If we switched the order of these, the dataset would be reduce to 5 rows and then reduced to 2 rows.
When scaled up to production level volumes, these differences can have a large impact.
The columns parameter¶
The columns parameter allows you to specify which columns you want to return to the client. kdb+ is a column-based database; on disk data is stored in a way that optimises accessing specific columns and performing operations on columns as opposed to rows.
The file structure of a date partitioned database is given below. This is the most common database structure used in the Refinery.
date-1/
table-1/
column-1
column-2
...
table-2/
column-1
column-2
...
...
date-2/
table-1/
column-1
column-2
...
table-2/
column-1
column-2
...
...
Tables are stored as folders containing a single file for each individual column in that table.
When we specify the columns we are interested in using the columns parameter, only those column files are accessed and read from disk. By reducing the number of column files that are accessed in each query, we can improve the performance of our queries. This becomes especially apparent when we are querying tables that have 100 or more columns and we are only interested in returning a few important columns to the client.
Further information about partitioned tables can be found here
The temporality parameter¶
When we specify a start date and time and an end date and time, there are different ways that the data can retrieved between these points in time.
If you're querying across multiple days with a start time and end time, you can set temporality=slice and the query will only return data between those times on each day.
Another option is to set temporality=continuous which returns all data from the start time on the first day through to the end time on the last day. For example, if we are running a query across 3 days with a start time of 09:00:00 and an end time of 11:00:00. If we set temporality=slice the data that will be retrieved are the cells marked with an 'x'
| Time | Day 1 | Day 2 | Day 3 |
|---|---|---|---|
| ... | |||
| 08:00:00 | |||
| 09:00:00 | x | x | x |
| 10:00:00 | x | x | x |
| 11:00:00 | |||
| 12:00:00 | |||
| ... |
On the other hand, if we set temporality=continuous then the cells that would be return are
| Time | Day 1 | Day 2 | Day 3 |
|---|---|---|---|
| ... | x | x | |
| 08:00:00 | x | x | |
| 09:00:00 | x | x | x |
| 10:00:00 | x | x | x |
| 11:00:00 | x | x | |
| 12:00:00 | x | x | |
| ... | x | x |
If we're only interested in a particular window of data, then using slice temporality can greatly reduce the amount of data that needs to be accessed and read.
Transmission times¶
Reducing the size of the dataset being returned from the server is the best way to decrease the transmission time.

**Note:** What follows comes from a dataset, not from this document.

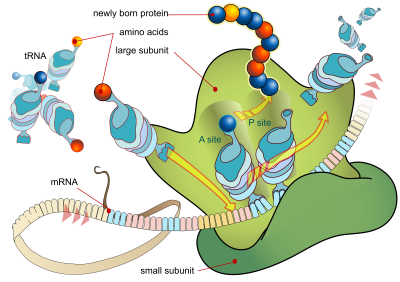 Figure 2 - Schematic image of an active ribosome. It is possible to observe the small and large subunits, tRNA, mRNA and the newly born protein.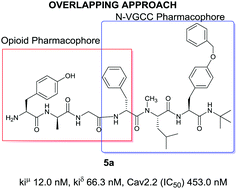 Graphical abstract: Design, synthesis and biological profile of mixed ****** agonist/N-VGCC blocker peptides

Reducing the number of rows¶
Filtering the data aggresively using the symList, applyFilter and temporality parameters will help to reduce the number of rows being returned to the client. Avoid returning large number of rows to the client by doing as much reduction on the server as possible.
Reducing the number of columns¶
We dicussed using the columns parameter above to improve the read times of our queries. This parameter also helps to improve the tranmission times of our queries since it reduces the size of our resultant dataset; we don't waste time serializing and deserializing columns that will be ignored when received by the client.
When the number of rows that you are returning exceeds the number of columns in your table, reducing the number of columns returned is the most effective way to decrease the size of the dataset.
For example, if you have a charting application only return the rows that are necessary for the charts you are using; don't return all columns and then drop them on the client side.
Polling queries¶
If you have a query that is polling Refinery for data on a sufficiently frequent interval (e.g once a minute), consider switching to having this data streamed to your application instead.
This section will be expanded in future with some metrics about the optimal time to switch to polling.